Un même effort d'orchestration et de mise en rythme est à l'œuvre dans les Alpes, aux abords de l'Arve, rare rivière glaciaire intéressant sur son parcours une quarantaine de maires, de Chamonix à Genève : "Nous faisons corps depuis vingt ans grâce au syndicat mixte d'aménagement employant une quinzaine d'ingénieurs spécialisés, pour que chaque maire ne gère plus un bout de rivière de son côté sans cohérence. Deux cents millions d'euros ont été injectés dans la gestion de cette rivière pourtant domaniale, et de ses abords, berges et zones de percolation, d'alimentation des nappes, que nous achetons et sur lesquelles nous étudions le comportement des crues, par suivi Lidar, ce que les Suisses pourtant avares de compliments ont salué ! Nous prenons aussi en charge ce dont personne d'autre ne s'occupe : démarche de Sage bientôt bouclée, portage d'un plan de protection de l'atmosphère (PPA) et du programme d'actions de prévention des inondations (Papi), espaces Natura 2000 et programme Life et Interreg franco-suisse, etc.", raconte Martial Saddier, président de ce syndicat mixte d'aménagement de l'Arve et de ses abords (SM3A) et par ailleurs député-maire de Bonneville (Haute-Savoie). Il milite en outre pour que l'ensemble des EPCI à fiscalité propre prennent la compétence Gemapi et préparent dès maintenant la taxe en vue de fiscaliser "dès 2016 ou 2017".

Redistribution des cartes

"Mais il n'est pas évident d'expliquer la Gemapi. Là où il n'y a jamais eu de crue, les maires ne comprennent pas et se demandent ce qu'on leur a encore transféré. Accepter la fiscalisation là où, comme chez nous, le risque est palpable, est plus aisé.
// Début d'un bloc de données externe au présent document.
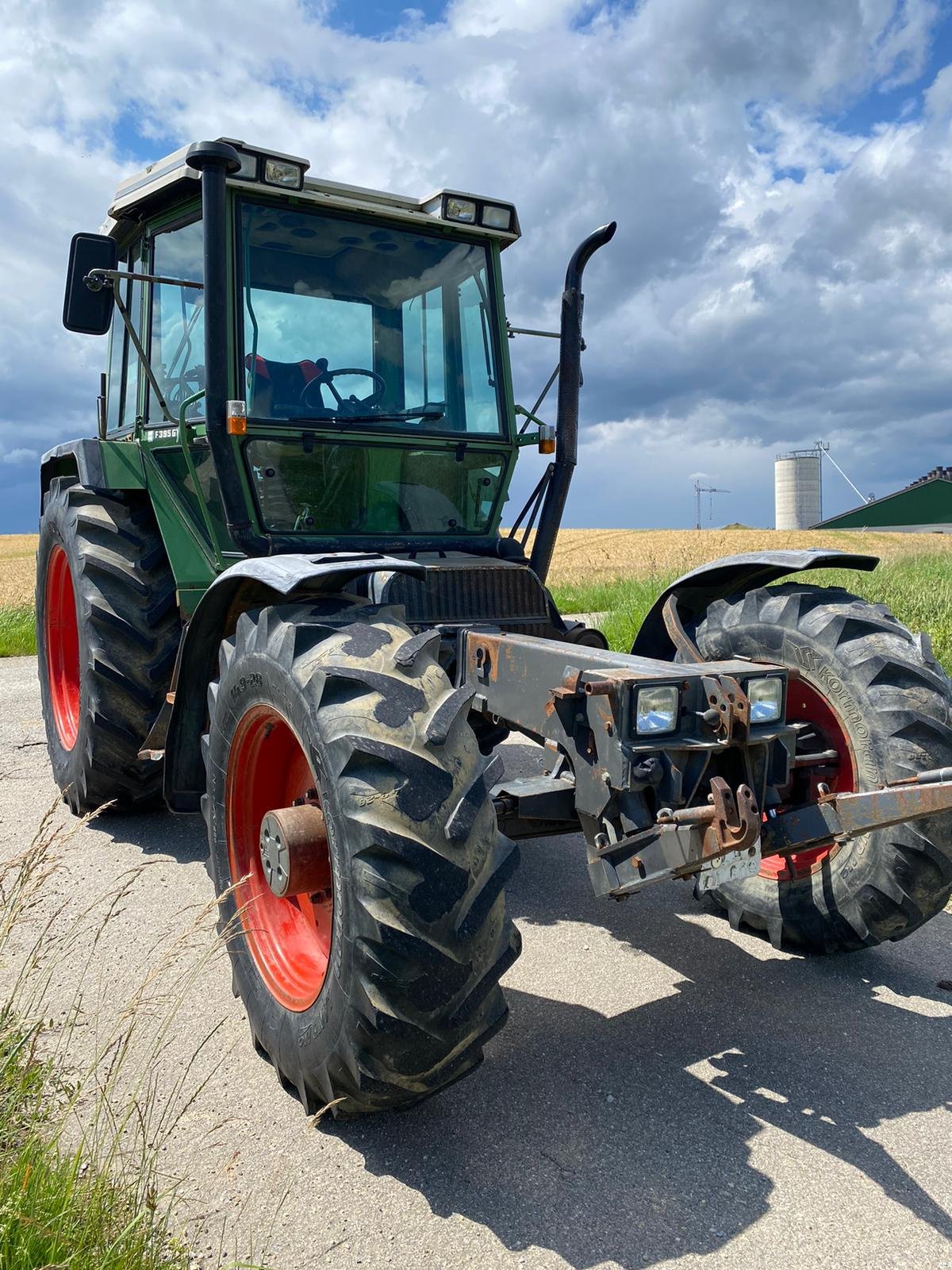 Geräteträger del tipo Fendt 395 GT, Gebrauchtmaschine en Hohenthann (Imagen 2)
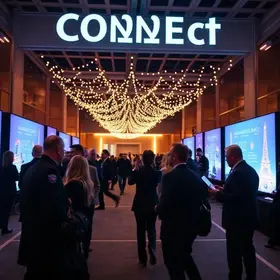 Connect 2026 entra em nova fase com chegada de agentes e noite de celebração; fotos Connect 2026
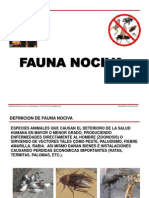 Fauna Nociva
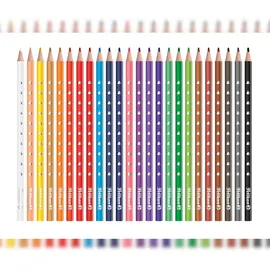 Pelikan 700665, Schwarz, Blau, Braun, Grün, Grau, Hellblau, Hellgrün, Mehrfarbig, Orange, Pfirsich, Pink,..., 24 Stück(e)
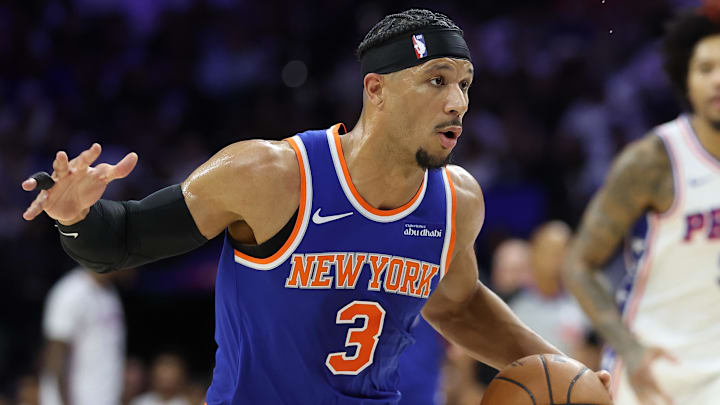 Josh Hart, Knicks at 76ers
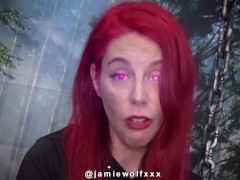 Teaser: "Hocus Strokus" (Jamie Wolf + Goddess Tickle)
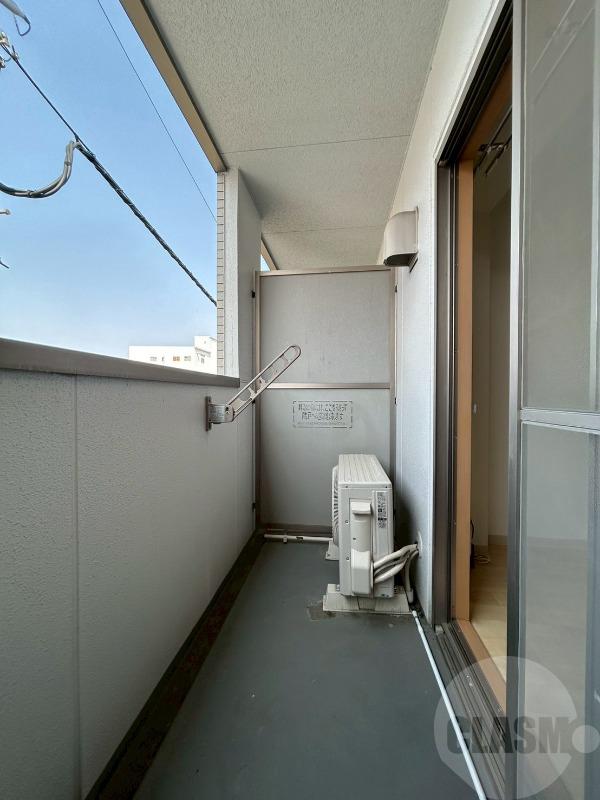 12/30 バルコニー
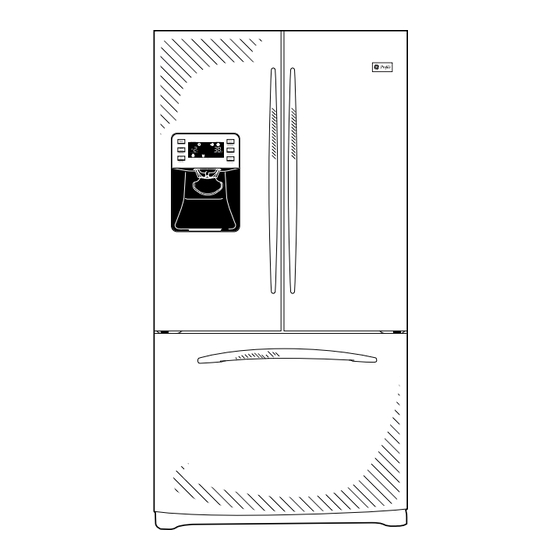 GE Profile ENERGY STAR PFSS6PKW Dimensions And Installation Information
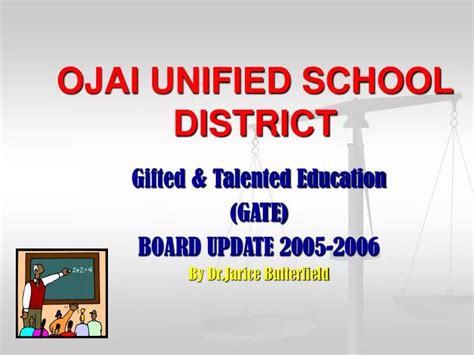 PPT - OJAI UNIFIED SCHOOL DISTRICT PowerPoint Presentation, free ...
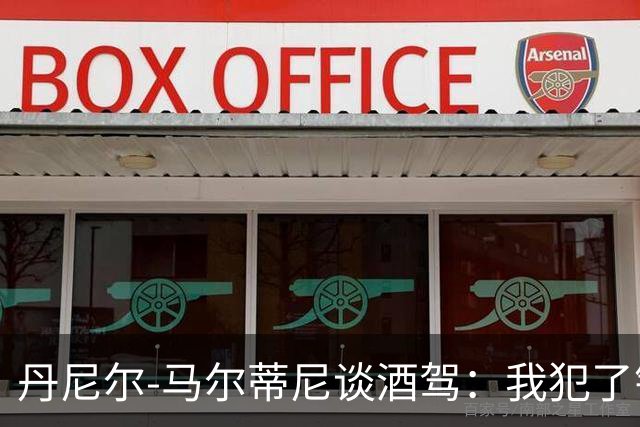 丹尼尔-马尔蒂尼谈酒驾：我犯了错，理所当然要付出代价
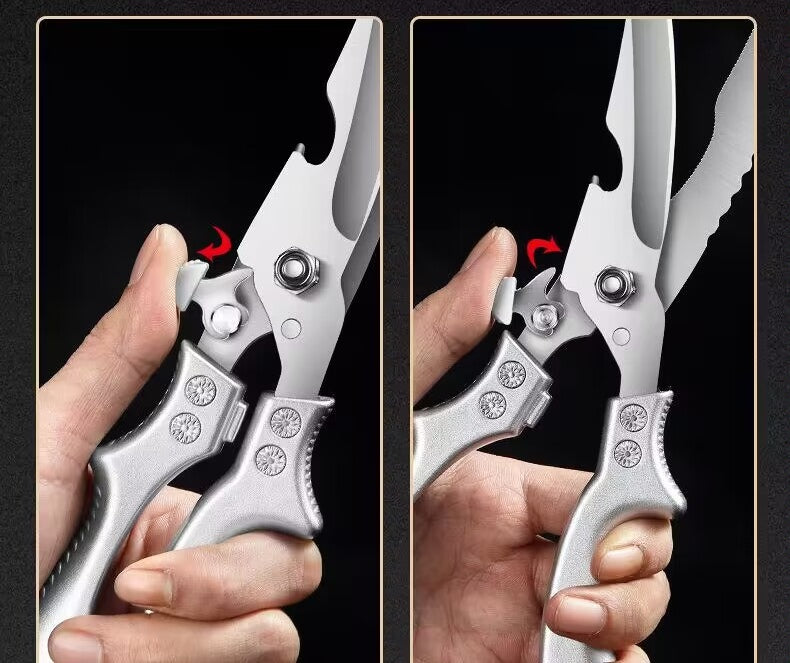 Much safer and effort-save kitchen shears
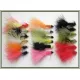 18 Mixed Lures, Dancer,Woollys and Tadpoles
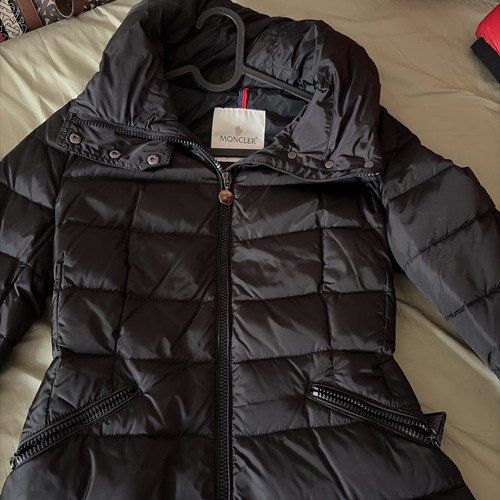 Moncler flammette cappotto - flammette,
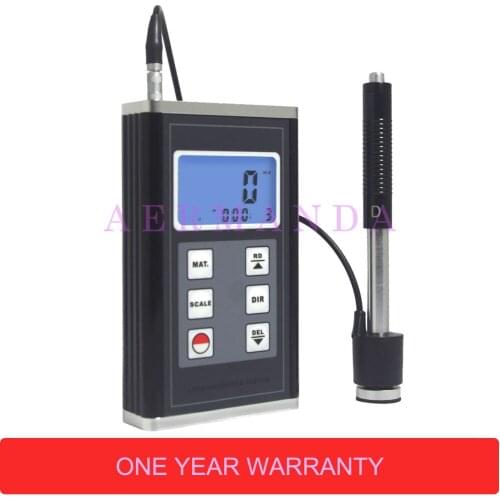 Portable Leeb Hardness Tester HM-6580 9 different common materials Steel Copper Nodular Cast Iron Durometer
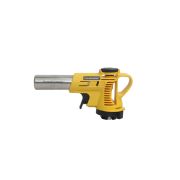 Горелка газовая, пьезоподжиг, керамика в сопле, защита от вспышек, hanskonner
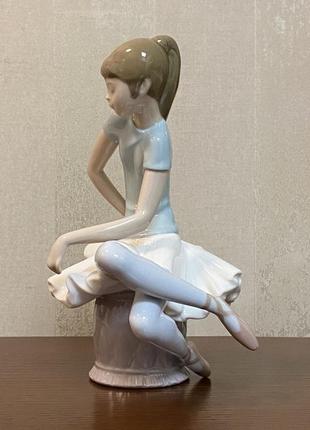 Порцелянова статуетка lladro «джолія».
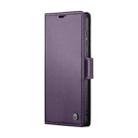 For Samsung Galaxy A20/A30/M10s CaseMe 023 Butterfly Buckle Litchi Texture RFID Anti-theft Leather Phone Case(Pearly Purple) - 2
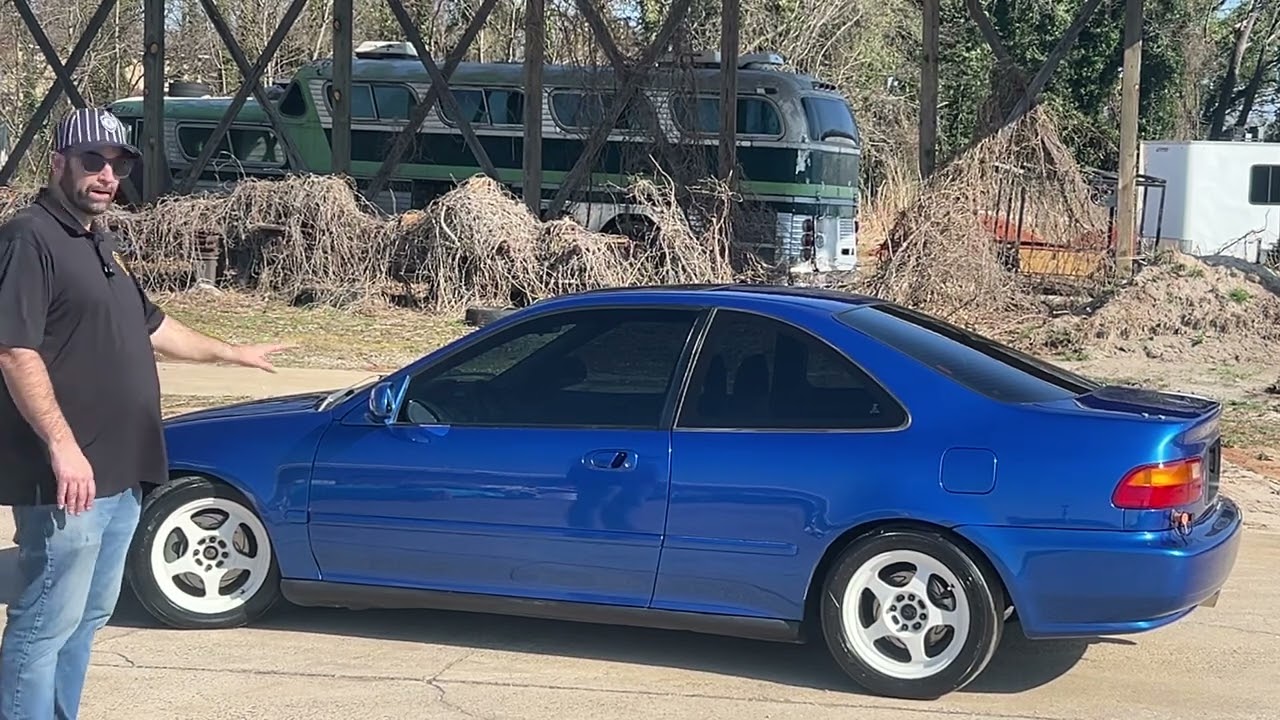 Introduction to the 1995 Honda Civic EX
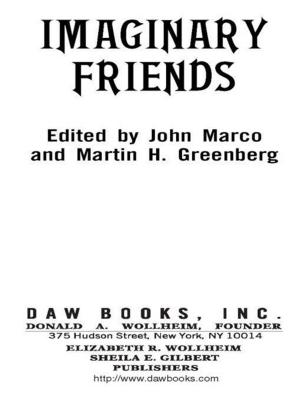 Cover of Imaginary Friends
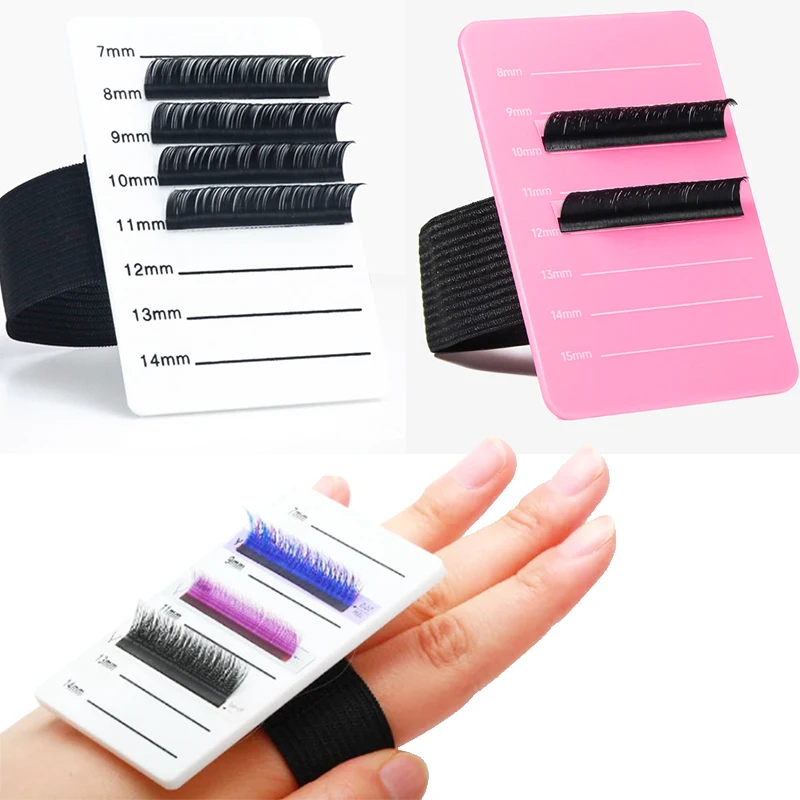 Bulu mata akrilik ekstensi Org - Lash Tile Palette ulasan dan harga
Trois ou quatre communautés de communes ont déjà pris la compétence Gemapi en vue de la transférer au syndicat mixte", complète-t-il. "C'est donc à peine identifiée, encore sujette à débat et pas totalement acceptée que, déjà, la Gemapi se prépare et se présente en fait comme une taxe locale d'aménagement", commente Daniel Marcovitch, du Conseil national de l'eau, instance fraîchement renouvelée avec entre autres de nouveaux maires et représentants d'élus. "Il s'agit bien de cela", confirme Jean-Baptiste Butlen à la direction de l'eau du ministère de l'Écologie. "Et plus globalement, avec en plus le transfert des compétences communales eau et assainissement aux EPCI à fiscalité propre, d'une redistribution des cartes, mais sans déstabiliser les grands syndicats existants, en confortant les instances de gouvernance et en accompagnant les collectivités, sur le plan juridique et financier".

Effort de pédagogie

A l'Assemblée des communautés de France (AdCF), on estime que cette sophistication de la gouvernance ne va guère dans le sens de la clarté : "Pour l'élu de base, tout cela devient incompréhensible ! Il faudra plus que de la pédagogie pour faire passer la pilule. Car avec la baisse de la DGF, les élus ne voient pas comment ils vont pouvoir ajouter un impôt et justifier ce recours à la fiscalité directe", indique son représentant Patrice Yung, qui préside par ailleurs l'agglomération Seine-Eure. Enfin, dans ce débat sur la gouvernance et la coordination des politiques publiques, les régions, par l'intermédiaire d'André Lefebvre (ARF), qui représente le conseil régional de Bourgogne au sein des agences de l'Eau Seine Normandie et Loire Bretagne, ont fait savoir qu'il manque de leur point de vue - entre État et agences de l'eau d'un côté, intercommunalités de l'autre - un maillon pour coordonner et assurer plus d'animation. Compétence qu'elles prendraient sans rechigner, "pour travailler sur l'amont, faire émerger des aménagements cohérents, en hydraulique douce notamment, et harmoniser le tout avec les schémas dont nous avons la charge, notamment sur la cohérence écologique", conclut-il.